How to show that $\lambda(D)=\infty$?

Question

I have a bit trouble showing that $\lambda(D)=\infty$.
I have been giving the following problem:
Given $D=\{(x,y)\in \mathbb{R}^2 | 0<x=y<1\}$ and $\mathcal{N}=\{N \in \mathcal{B} | m_I(N)=0\}$ (where $m_I$ is the Lebesgue measure on $(\mathbb{R}, \mathcal{B})$ restricted on the interval $(0,1)$) - and the measure $\lambda:\mathcal{B}\otimes \mathcal{B} \to [0,\infty]$, where $$\lambda(G)= \begin{cases} 0 & \text{ if }\, \exists N_1,N_2 \in \mathcal{N}, B_1,B_2 \in \mathcal{B}, \text{ then } G \subseteq (B_1 \times N_1) \cup (N_2 \times B_2) \\ \infty & \text{ or else }\\ \end{cases} $$ Show that $\lambda(D)=\infty$.
I get that I might have to show it by contradiction, but I have only gotten so far:
Assume by contradiction, that $\lambda(D)\neq \infty \Longrightarrow \lambda(D)=0$, then $\exists N_1, N_2 \in \mathcal{N}$ and $B_1,B_2 \in \mathcal{B}$, where $D\subseteq (B_1 \times N_1) \cup (N_2 \times B_2)$.
For $D\subseteq (N_2\times B_2)$, I have that for $N_2\in \mathcal{N}$ it applies that $m_I(N_2)=0$.

Can somebody give me a hint, on how to get moving?
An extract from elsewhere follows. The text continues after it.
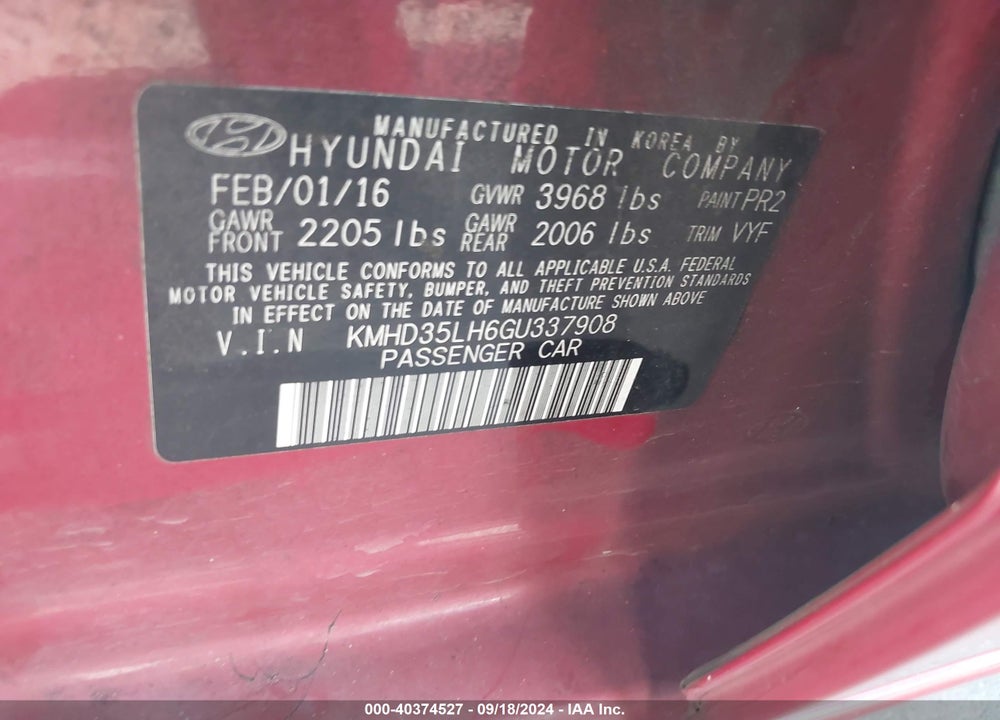 2016 HYUNDAI ELANTRA GT VIN: KMHD35LH6GU337908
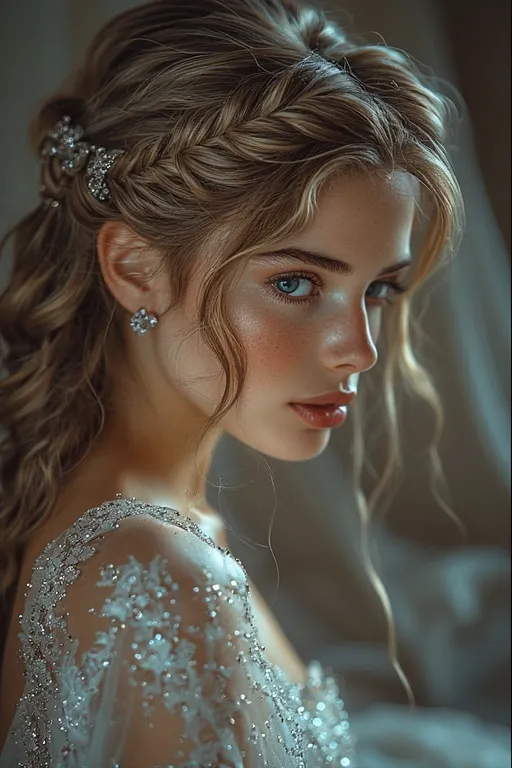 Wavy hairstyle with braided accents and sparkling pins for everyday glamour.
I assume that for $D \subseteq (B_1 \times N_1)$, it follows analogously. Thank you.

Answer 1

Assume that $D \subseteq (B_1 \times N_1) \cup (N_2 \times B_2)$. We want to find a contradiction.

Note that you can write the elements of $D$ in this way $$D= \{ (t,t) : t \in (0,1) \}$$

Define $$I_1 = \{ t \in (0,1) : (t,t) \in (B_1 \times N_1) \}$$ and analogously $$I_2 = \{ t \in (0,1) : (t,t) \in (N_2 \times B_2) \}$$ By our assumption you have that $(0,1) \subseteq I_1 \cup I_2$.

On the other hand, if you look carefully at the definition of $I_1$ and $I_2$ you can see that $$I_1 \subseteq N_1 \qquad I_2 \subseteq N_2$$ To show this, let $t \in I_1$. Then $(t,t) \in B_1 \times N_1$. This means that $t \in B_1$ and $t \in N_1$. In particular this implies $t \in N_1$. By arbitrarity of $t \in I_1$, we have $I_1 \subseteq N_1$ (actually we can say more: $I_1 = B_1 \cap N_1$). The proof of $I_2 \subseteq N_2$ is similar.

Hence $$(0,1) \subseteq N_1 \cup N_2$$ This contradicts monotonicity of the Lebesgue measure, since $N_1 \cup N_2$ has measure zero.